You are evidently proposing rewrites of the Carleman matrix algorithm, which most of the references cited here hew to. An ambitious project. The Scroeder equation solves the project for somebody more advanced than the novice coming to this specific article here, as discussed above. Further technicalities would only obscure the picture here---but you could test-drive your proposals on superfunction which needs your, and anyone's really!, help. Are you sure you contacted the author User:Drschawrz of these sections? Cuzkatzimhut (talk) 10:44, 14 May 2014 (UTC)[reply]

It's been a week and nobody has provided any reason to think that the section on fractional iteration can be validated through being published. Ironically I don't disagree with the results, I just think they should be published first. Daniel Geisler (talk) 11:22, 21 May 2014 (UTC)[reply]

? What exactly is your point? You are proposing to delete section 6 until somebody finds a remote refereed attribution for the elementary examples? As I indicated, this would be detrimental to the article, but not a tragedy, as they are misleading in suggesting to the reader how professionals in the field actually solve such equations in practice. To me, the examples appear obvious--the first naive thing that crosses one's mind--albeit off the mark. Starting from Babbage and continuing with Schroeder, both in the 19th century, conjugacy is the answer. Check it out on the iteration orbit of, e.g. sin(x) as contrasted to the actual answer, e.g. in [the roots of sine]. However, at the end of the day, I see no actual harm in these examples. Cuzkatzimhut (talk) 12:59, 21 May 2014 (UTC)[reply]

I've rewritten the lead to make it make sense at least marginally. However, it struck me that the article seems to be more about the general notion of iterating functions (as a generaly activity, or subject of study) than about the specific subject of functions that are of the form f ⁿ. Therefore I think the name "Function iteration" would much better cover the contents than "Iterated function". Marc van Leeuwen (talk) 08:42, 18 February 2015 (UTC)[reply]

Of course your name is better, but handling dead links could be a nightmare. And links is what WP is all about. As a stopgap, you should make a redirect.

By the way, "splinter" is a standard term, used interchangeably with "Picard sequence" in less parochial corners of the broad and disparate user community, and is borrowed from recursive function theory, Ullian, J., Splinters of Recursive Functions, The Journal of Symbolic Logic, Vol. 25, N. 1, March, 1960, pp. 33 - 38.Cuzkatzimhut (talk) 11:32, 18 February 2015 (UTC)[reply]

A redirect Function iteration-->Iterated function is present since 2006. Perhaps the lead should be rephrased to cope with both titles. What about:

In mathematics, function iteration is the process of composing a function f: X → X (that is, a function from some set X to itself) with itself a certain number n of times. In this process, starting from some initial element of X, the output of f is fed again into f as input, and this process is repeated. The result of function composition is again a function fⁿ: X → X, it is called an iterated function.

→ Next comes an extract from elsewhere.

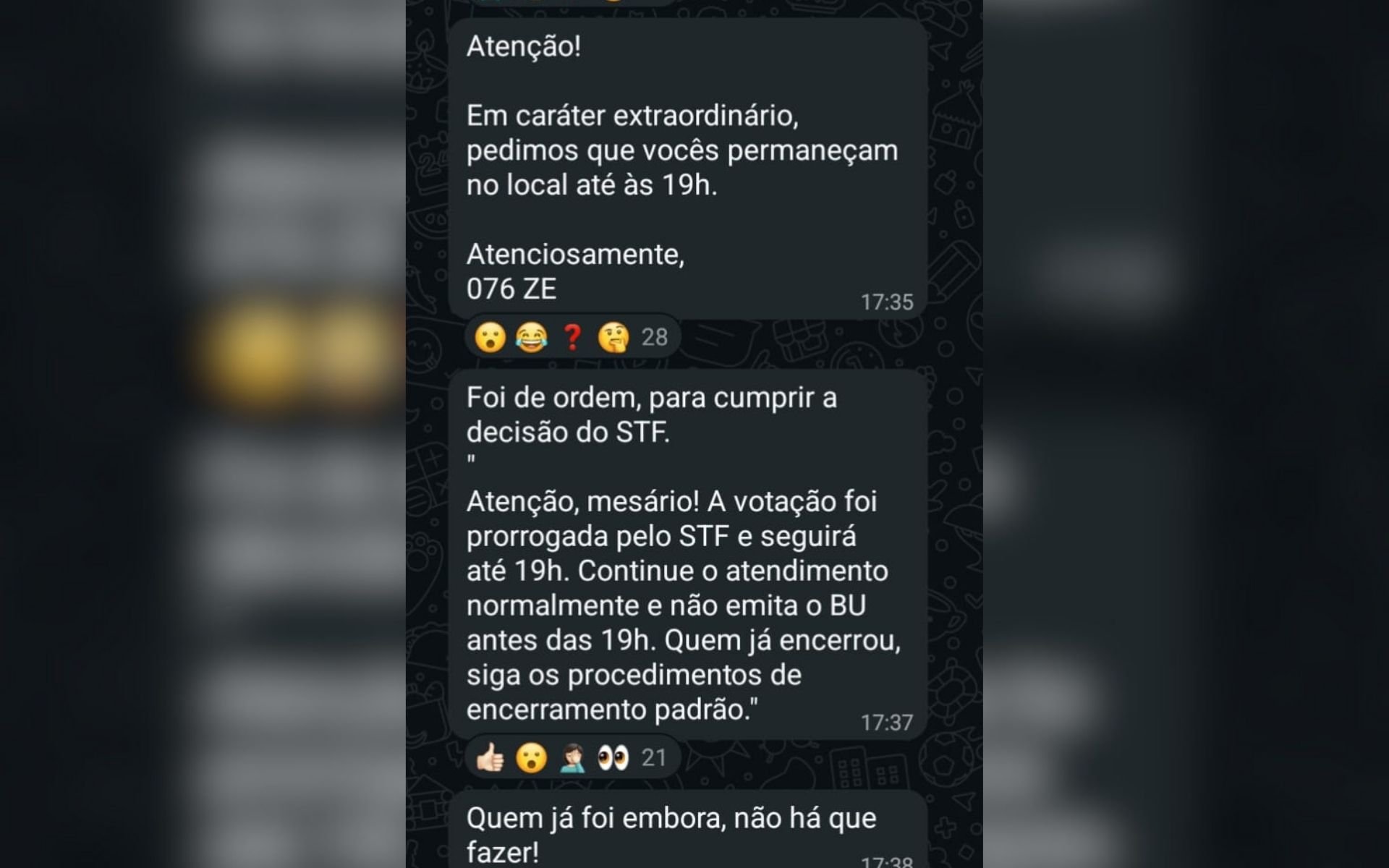 Mesários recebem mensagem às 17h35 sobre prorrogação da votação em Novo Hamburgo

or something similar? The sentence "The process of repeatedly applying the same function is called iteration." could be moved down e.g. to the "Definition" section, and adapted to e.g. "Function iteration is a particular example of iteration in general." if it is considered worth to be kept at all. In contrast, the possibility of fractional iterates should be mentioned already in the lead, I think. - Jochen Burghardt (talk) 17:31, 18 February 2015 (UTC)[reply]

When the article says, "Note: these two special cases of ax2 + bx + c are the only cases that have a closed-form solution. Choosing b = 2 = –a and b = 4 = –a, respectively, further reduces them to the nonchaotic and chaotic logistic cases discussed prior to the table." Does it mean that we only know of two closed form solutions, or has it been proven that there are no others? — Preceding unsigned comment added by 75.243.141.93 (talk) 21:20, 4 October 2015 (UTC)[reply]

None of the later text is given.